Thanks Nathan for coming back.

I am totally with you, but I still can't understand why I can't see F5 presenting the chain to me(which is configured with two certs): openssl s_client -connect x.x.x.x:443 -key /config/filestore/files_d/www-qa_d/certificate_key_d/:test.key -cert /config/filestore/files_d/www-qa_d/certificate_d/:test.crt

CONNECTED(00000003) depth=0 /C=US/ST=.....

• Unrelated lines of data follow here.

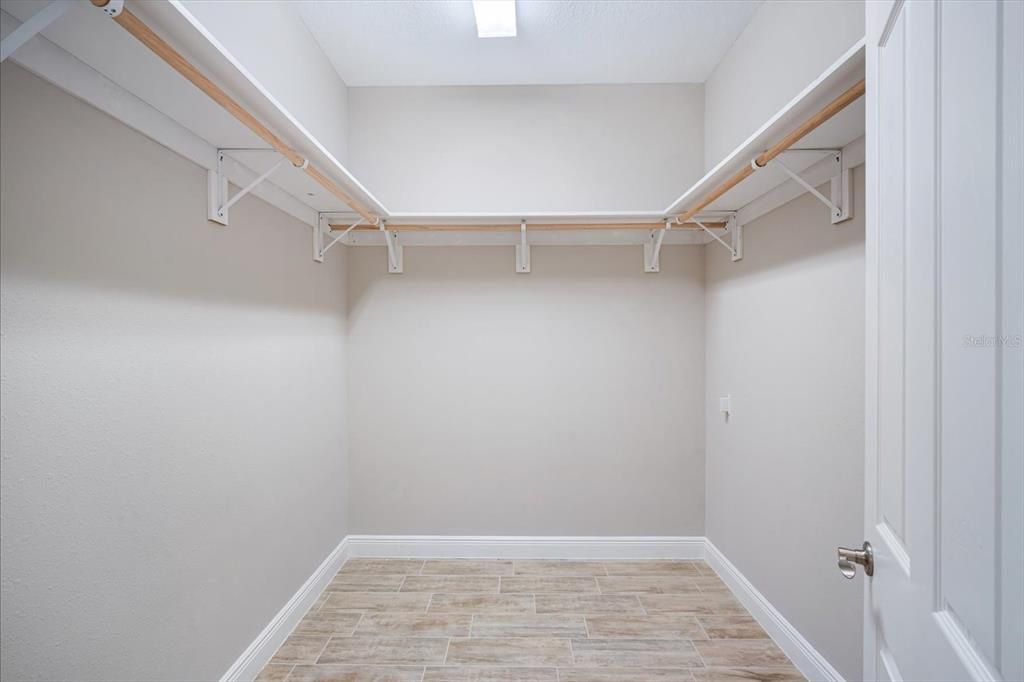 Под контрактом: $779,900 (5 спален, 4 ванн, 3148 Квадратных фут)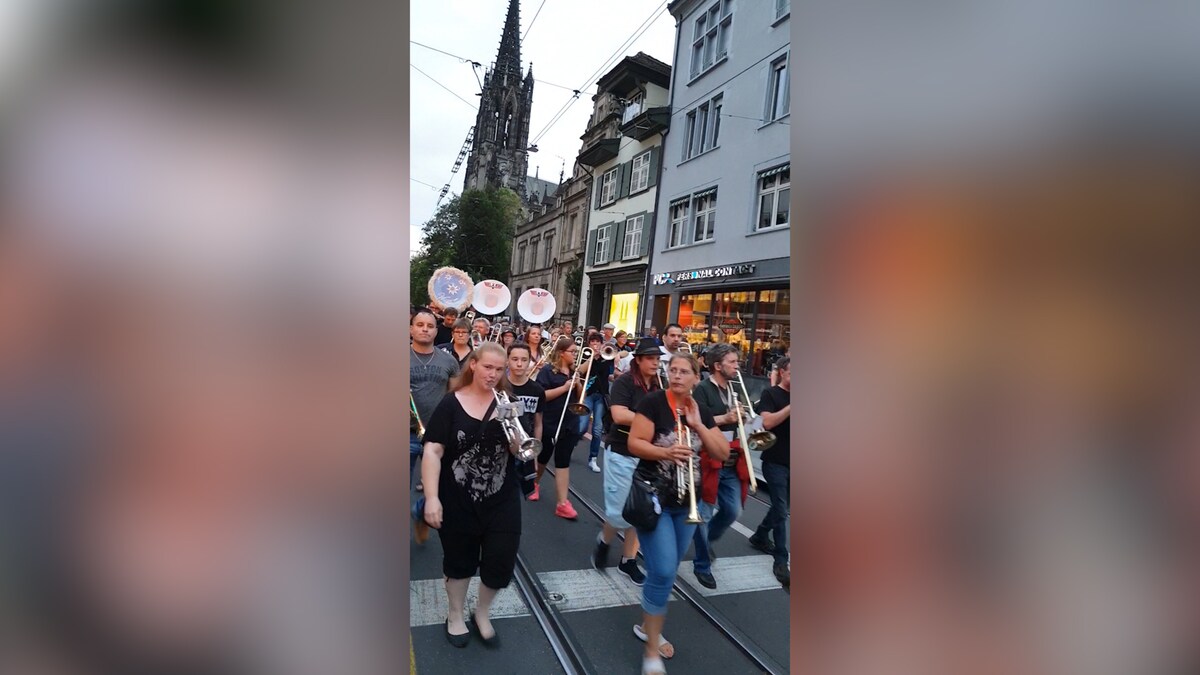 Https Www Blick Ch Sport Formel1 Horror Crash In Monza Hier Ueberschlaegt Sich Ericsson Mehrmals Id8795456 Html Horror Crash In Monza Hier Uberschlagt Sich Ericsson Mehrmals Https Img Blick Ch Incoming 8795453 V2 Bildschirmfoto 2018 08 31 Um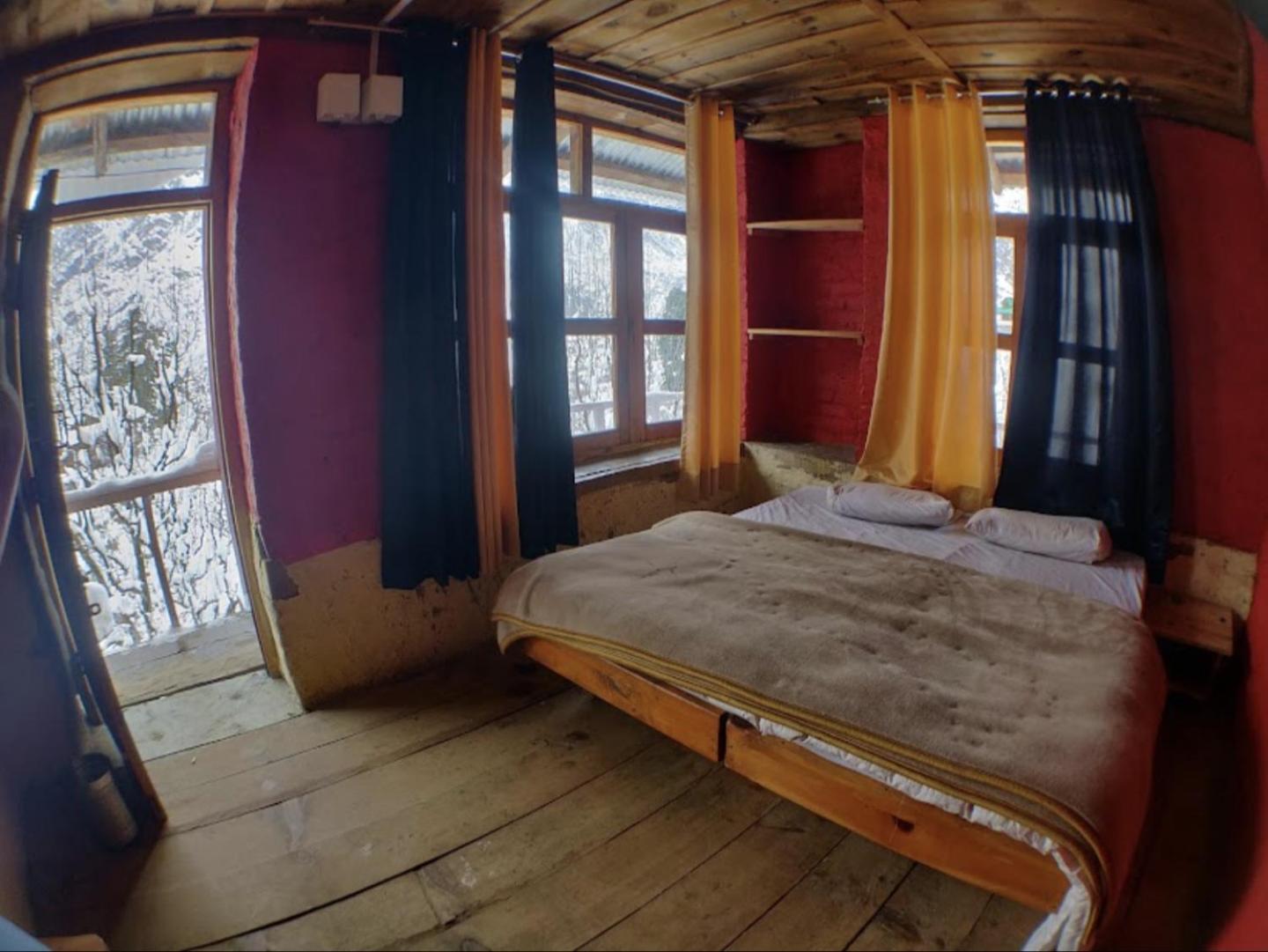 Отель Holy Cow Cafe & Beds Kalgha Экстерьер фото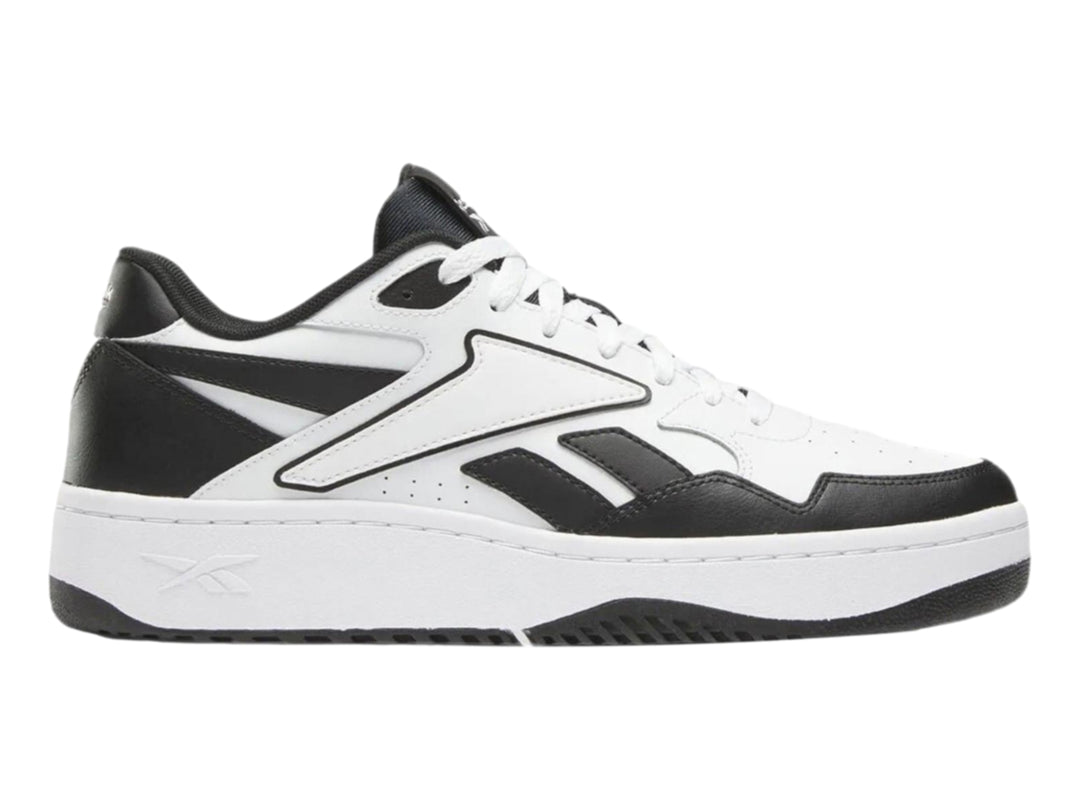 Tenis Reebok ATR Chill color blanco con detalles en negro para hombre.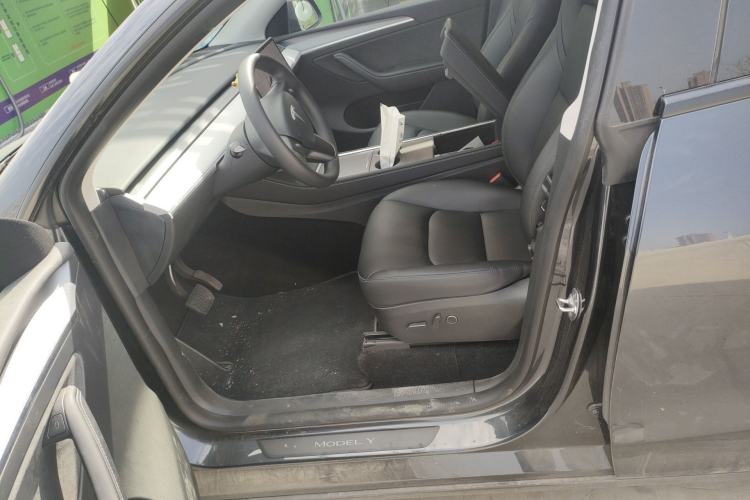 Used Tesla Model Y 2024 Rear-Wheel-Drive Version
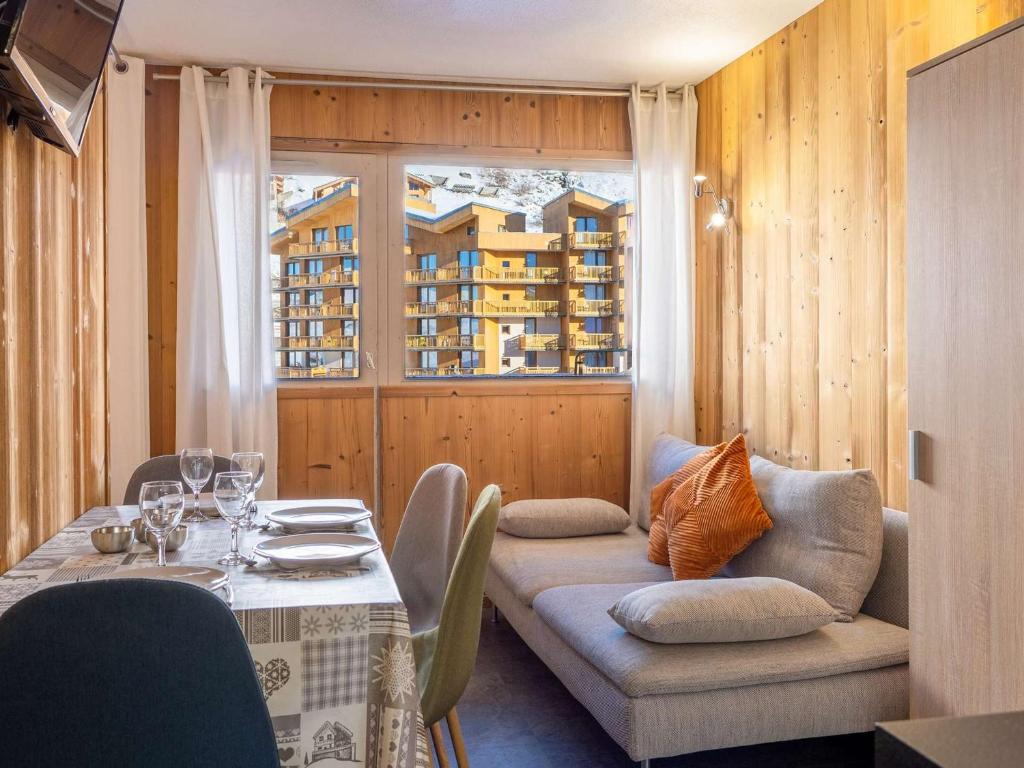 une salle à manger avec une table et une fenêtre dans l'établissement Appartement rénové Val Thorens - 4 pers, 2 chambres, balcon, plein cœur, proximité pistes, commerces - FR-1-637-35, à Val Thorens
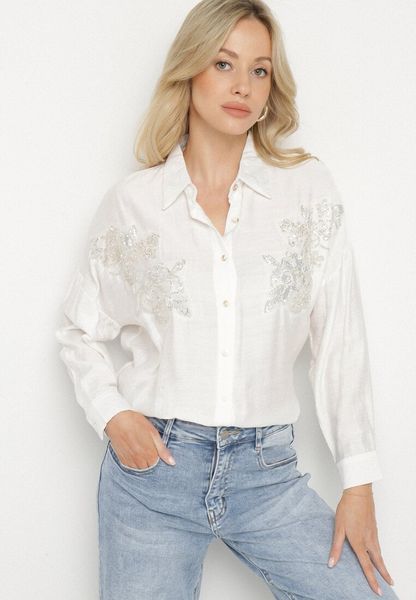 Biała Koszula Oversize z Wiskozą Zdobiona Kwiatami z Cyrkonii Jaslira. Białe bluzki damskie Born2be, l, z aplikacjami, z jeansu, eleganckie, bez kołnierzyka, bez ramiączek. Za 79.99 zł.
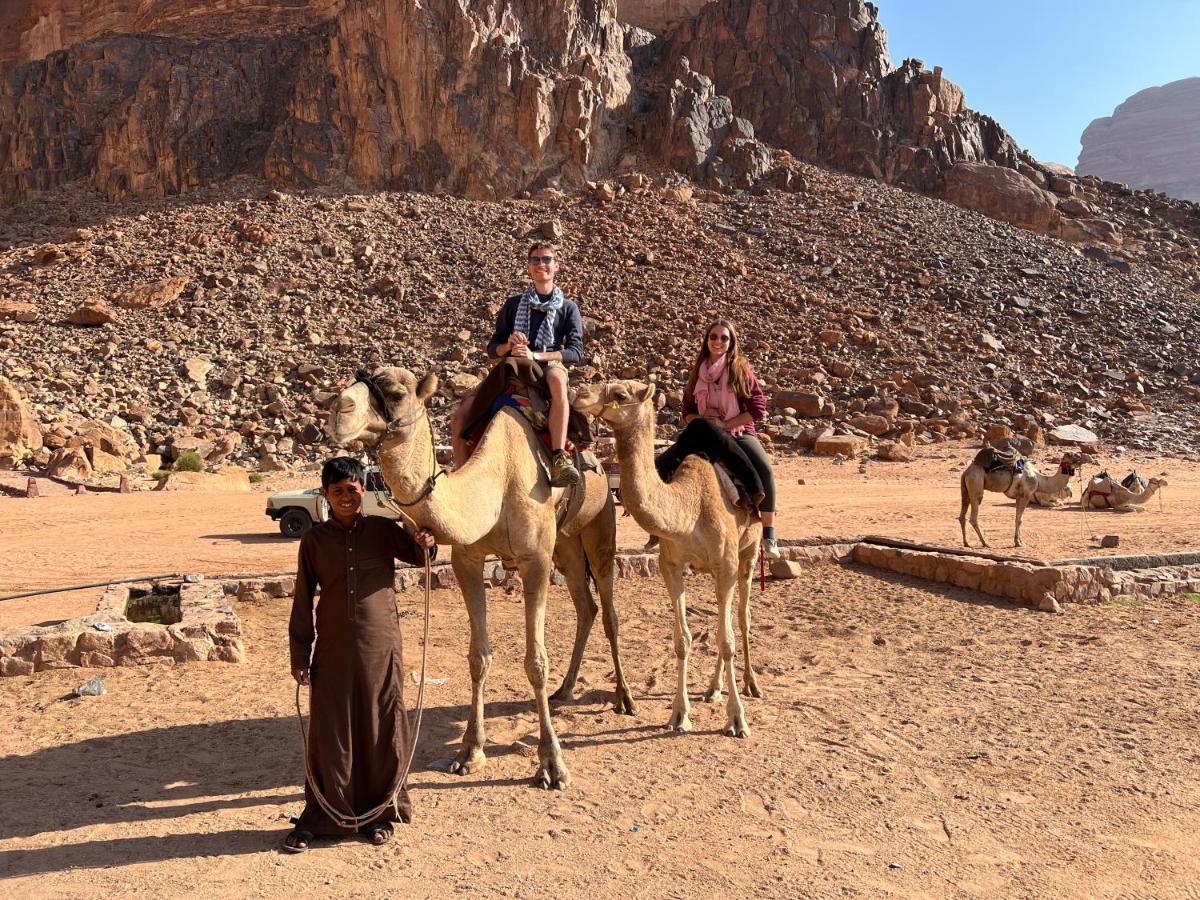 Joy To Wadi Rum Eksteriør billede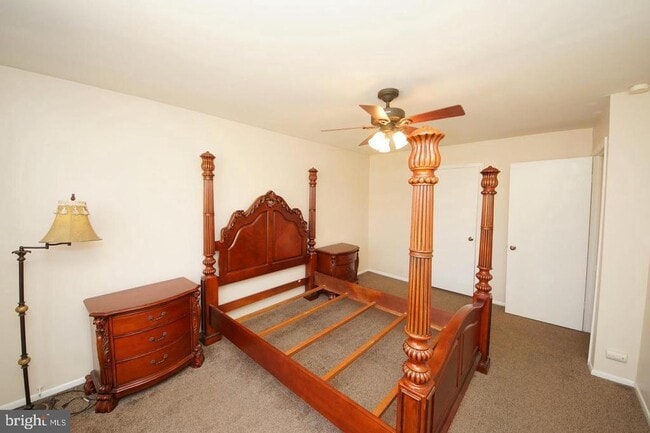 Building Photo - 39 Quail Run Dr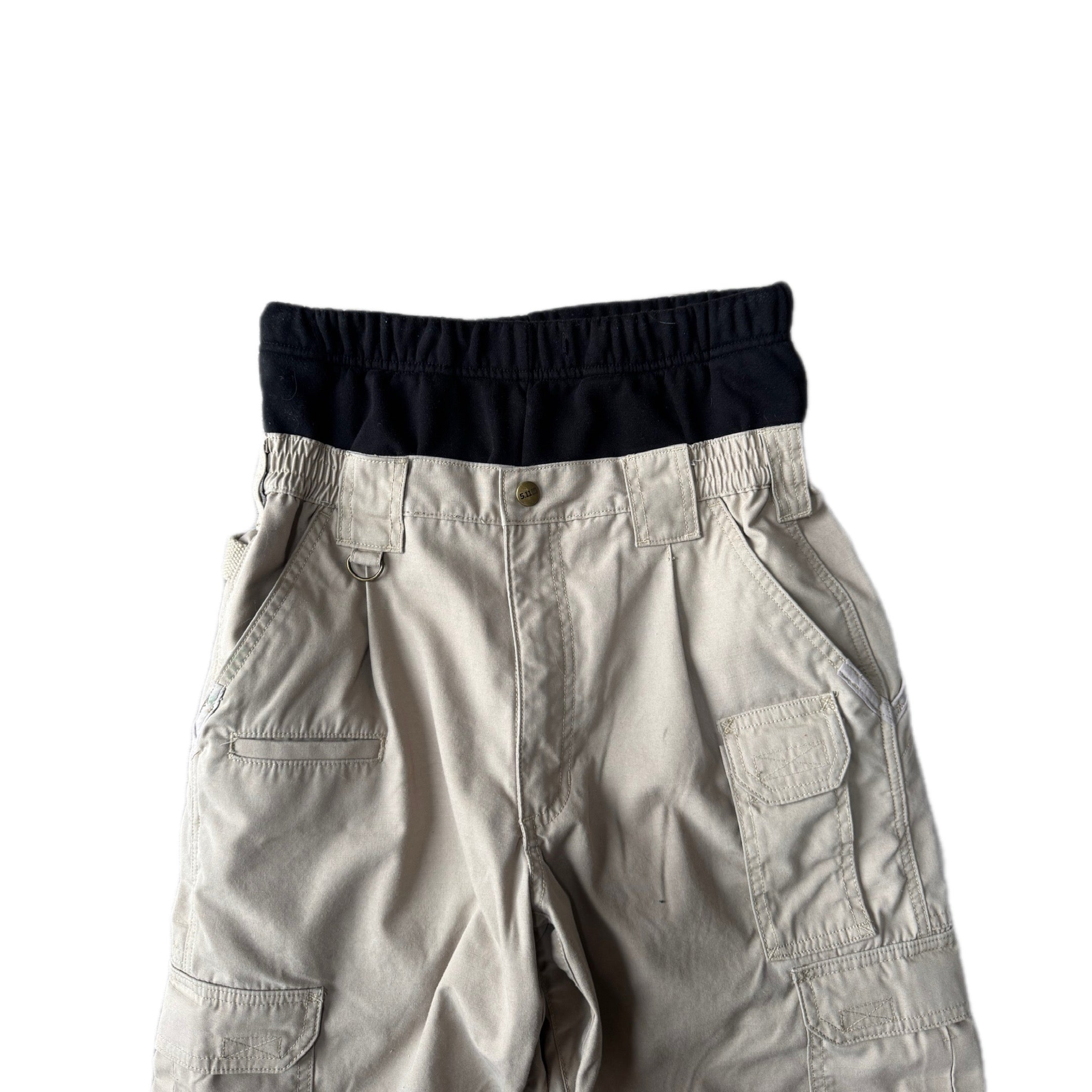 Double Waisted Baggy Khaki Cargo Pants (30x29)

verify error:num=20:unable to get local issuer certificate

verify return:1 depth=0 /C=US/ST=....

verify error:num=27:certificate not trusted verify return:1 depth=0 /C=US/ST=N.... verify error:num=21:unable to verify the first certificate

Certificate chain 0 s:/C=US/ST=....

I can see that when I try it connect from F5 itself to VIP, cert is not trusted anyway.

After running openssl verify command, I'm getting below error:

"error 20 at 0 depth lookup:unable to get local issuer certificate"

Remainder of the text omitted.